_Exercise requirements_:
In the entries below, find the line with "Infomedia Live How" and the line with "17.06.2012 г.Клин, Всероссийская выставка". Reproduce those two lines and every line between them exactly, and nothing more.

_Input material_:
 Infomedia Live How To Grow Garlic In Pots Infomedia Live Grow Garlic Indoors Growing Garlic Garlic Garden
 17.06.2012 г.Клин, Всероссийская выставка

* * *

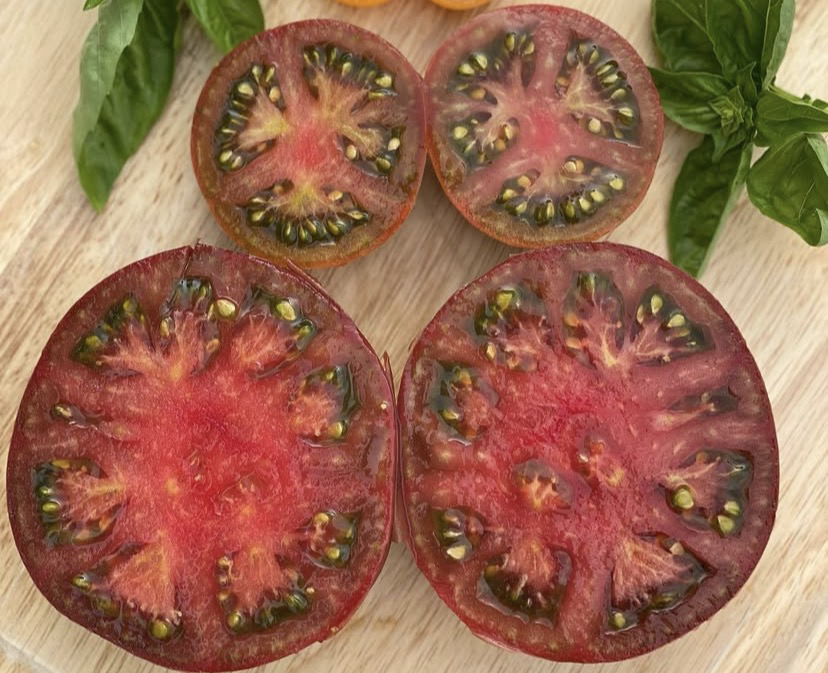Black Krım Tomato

_Solution to this exercise_:
 Infomedia Live How To Grow Garlic In Pots Infomedia Live Grow Garlic Indoors Growing Garlic Garlic Garden
 17.06.2012 г.Клин, Всероссийская выставка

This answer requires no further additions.